*** Opening Given records ***

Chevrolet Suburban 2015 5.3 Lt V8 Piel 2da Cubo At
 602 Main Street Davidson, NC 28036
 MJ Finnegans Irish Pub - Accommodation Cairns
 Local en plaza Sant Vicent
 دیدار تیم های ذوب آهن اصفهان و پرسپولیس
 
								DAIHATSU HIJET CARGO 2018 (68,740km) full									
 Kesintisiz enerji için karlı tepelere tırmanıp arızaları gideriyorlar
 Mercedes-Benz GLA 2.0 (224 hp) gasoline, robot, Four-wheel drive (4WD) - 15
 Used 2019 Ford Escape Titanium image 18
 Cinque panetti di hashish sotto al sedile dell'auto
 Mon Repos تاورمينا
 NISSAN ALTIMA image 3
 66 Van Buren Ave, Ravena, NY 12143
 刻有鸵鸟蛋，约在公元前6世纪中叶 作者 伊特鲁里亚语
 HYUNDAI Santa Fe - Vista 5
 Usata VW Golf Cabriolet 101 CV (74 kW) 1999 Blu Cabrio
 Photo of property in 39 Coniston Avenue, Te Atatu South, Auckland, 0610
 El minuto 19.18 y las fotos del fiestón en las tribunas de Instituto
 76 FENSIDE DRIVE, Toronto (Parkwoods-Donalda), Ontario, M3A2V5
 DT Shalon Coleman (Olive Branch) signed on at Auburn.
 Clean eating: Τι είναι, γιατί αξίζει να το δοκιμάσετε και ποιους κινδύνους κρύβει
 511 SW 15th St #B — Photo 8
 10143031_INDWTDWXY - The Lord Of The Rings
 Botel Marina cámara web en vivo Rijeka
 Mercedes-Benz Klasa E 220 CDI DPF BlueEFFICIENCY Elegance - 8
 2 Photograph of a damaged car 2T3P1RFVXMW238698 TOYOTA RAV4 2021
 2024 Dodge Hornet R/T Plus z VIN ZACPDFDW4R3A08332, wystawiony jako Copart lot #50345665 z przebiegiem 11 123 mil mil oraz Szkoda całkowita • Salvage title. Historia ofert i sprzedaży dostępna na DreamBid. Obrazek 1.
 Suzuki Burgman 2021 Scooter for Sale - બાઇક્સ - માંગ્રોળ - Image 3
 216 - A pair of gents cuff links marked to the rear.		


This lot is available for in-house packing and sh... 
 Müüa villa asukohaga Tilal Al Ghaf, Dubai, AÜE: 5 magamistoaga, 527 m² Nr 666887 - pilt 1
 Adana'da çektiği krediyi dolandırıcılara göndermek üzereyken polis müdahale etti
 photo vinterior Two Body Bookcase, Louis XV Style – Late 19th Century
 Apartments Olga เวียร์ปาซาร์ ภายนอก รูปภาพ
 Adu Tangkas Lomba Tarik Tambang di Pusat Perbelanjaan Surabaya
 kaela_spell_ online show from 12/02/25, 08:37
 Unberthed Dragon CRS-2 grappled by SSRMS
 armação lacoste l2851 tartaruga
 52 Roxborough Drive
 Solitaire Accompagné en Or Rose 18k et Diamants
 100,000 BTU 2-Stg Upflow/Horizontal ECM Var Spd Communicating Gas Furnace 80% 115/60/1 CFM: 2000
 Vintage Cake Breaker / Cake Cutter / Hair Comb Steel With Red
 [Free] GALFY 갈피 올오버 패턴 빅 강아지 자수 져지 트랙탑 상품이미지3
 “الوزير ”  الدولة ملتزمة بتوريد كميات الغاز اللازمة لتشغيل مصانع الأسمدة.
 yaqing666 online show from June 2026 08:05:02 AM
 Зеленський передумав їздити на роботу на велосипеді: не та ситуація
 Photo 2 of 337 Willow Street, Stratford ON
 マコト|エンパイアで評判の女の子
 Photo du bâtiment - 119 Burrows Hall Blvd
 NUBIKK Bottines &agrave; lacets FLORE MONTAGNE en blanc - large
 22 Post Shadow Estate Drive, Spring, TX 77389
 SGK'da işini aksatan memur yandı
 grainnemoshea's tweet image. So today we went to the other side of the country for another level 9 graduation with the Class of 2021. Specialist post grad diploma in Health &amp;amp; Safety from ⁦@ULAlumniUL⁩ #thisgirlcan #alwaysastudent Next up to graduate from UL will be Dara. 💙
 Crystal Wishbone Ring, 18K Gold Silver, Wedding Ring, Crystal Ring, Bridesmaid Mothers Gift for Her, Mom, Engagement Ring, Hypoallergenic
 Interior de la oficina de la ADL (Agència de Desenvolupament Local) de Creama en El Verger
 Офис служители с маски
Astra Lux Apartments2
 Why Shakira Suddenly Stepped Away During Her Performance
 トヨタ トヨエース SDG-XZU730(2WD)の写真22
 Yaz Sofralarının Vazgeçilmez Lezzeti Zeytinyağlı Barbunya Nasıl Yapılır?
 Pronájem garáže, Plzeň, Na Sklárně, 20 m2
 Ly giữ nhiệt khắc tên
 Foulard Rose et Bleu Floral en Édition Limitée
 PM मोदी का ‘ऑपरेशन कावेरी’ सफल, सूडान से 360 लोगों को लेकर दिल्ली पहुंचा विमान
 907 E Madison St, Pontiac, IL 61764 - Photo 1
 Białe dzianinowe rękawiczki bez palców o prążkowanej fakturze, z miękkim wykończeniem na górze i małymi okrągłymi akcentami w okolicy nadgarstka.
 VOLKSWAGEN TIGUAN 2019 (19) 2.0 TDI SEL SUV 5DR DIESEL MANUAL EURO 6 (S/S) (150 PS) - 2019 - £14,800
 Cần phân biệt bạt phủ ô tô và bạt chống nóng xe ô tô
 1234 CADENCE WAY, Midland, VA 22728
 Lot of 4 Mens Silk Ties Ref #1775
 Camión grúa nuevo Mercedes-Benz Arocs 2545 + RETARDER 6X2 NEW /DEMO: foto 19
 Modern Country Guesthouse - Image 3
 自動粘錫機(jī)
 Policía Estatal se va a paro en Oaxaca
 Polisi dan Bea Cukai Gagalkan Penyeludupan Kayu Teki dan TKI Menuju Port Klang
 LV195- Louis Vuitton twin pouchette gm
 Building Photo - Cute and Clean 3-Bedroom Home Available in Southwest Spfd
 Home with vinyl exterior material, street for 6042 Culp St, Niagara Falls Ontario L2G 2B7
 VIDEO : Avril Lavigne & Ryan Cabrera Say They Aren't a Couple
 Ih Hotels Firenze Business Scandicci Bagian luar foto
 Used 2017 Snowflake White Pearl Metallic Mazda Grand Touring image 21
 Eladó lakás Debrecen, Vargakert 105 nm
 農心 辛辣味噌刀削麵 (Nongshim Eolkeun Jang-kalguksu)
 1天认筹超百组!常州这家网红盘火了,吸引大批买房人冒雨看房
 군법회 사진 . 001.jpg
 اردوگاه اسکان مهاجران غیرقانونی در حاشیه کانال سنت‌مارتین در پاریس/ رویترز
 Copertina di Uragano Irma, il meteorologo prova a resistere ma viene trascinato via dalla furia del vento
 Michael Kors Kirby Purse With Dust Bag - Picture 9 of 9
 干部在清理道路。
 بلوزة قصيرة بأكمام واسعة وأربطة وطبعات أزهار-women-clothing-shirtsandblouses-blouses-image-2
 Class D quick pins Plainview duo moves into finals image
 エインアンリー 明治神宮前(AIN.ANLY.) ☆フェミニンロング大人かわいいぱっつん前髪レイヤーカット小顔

*** Closing Given records ***

◆ Task: The expected output is the exact run of lines from the start of the entries through the line with "HYUNDAI Santa Fe - Vista 5", inclusive.

◆ Answer to this task:
Chevrolet Suburban 2015 5.3 Lt V8 Piel 2da Cubo At
 602 Main Street Davidson, NC 28036
 MJ Finnegans Irish Pub - Accommodation Cairns
 Local en plaza Sant Vicent
 دیدار تیم های ذوب آهن اصفهان و پرسپولیس
 
								DAIHATSU HIJET CARGO 2018 (68,740km) full									
 Kesintisiz enerji için karlı tepelere tırmanıp arızaları gideriyorlar
 Mercedes-Benz GLA 2.0 (224 hp) gasoline, robot, Four-wheel drive (4WD) - 15
 Used 2019 Ford Escape Titanium image 18
 Cinque panetti di hashish sotto al sedile dell'auto
 Mon Repos تاورمينا
 NISSAN ALTIMA image 3
 66 Van Buren Ave, Ravena, NY 12143
 刻有鸵鸟蛋，约在公元前6世纪中叶 作者 伊特鲁里亚语
 HYUNDAI Santa Fe - Vista 5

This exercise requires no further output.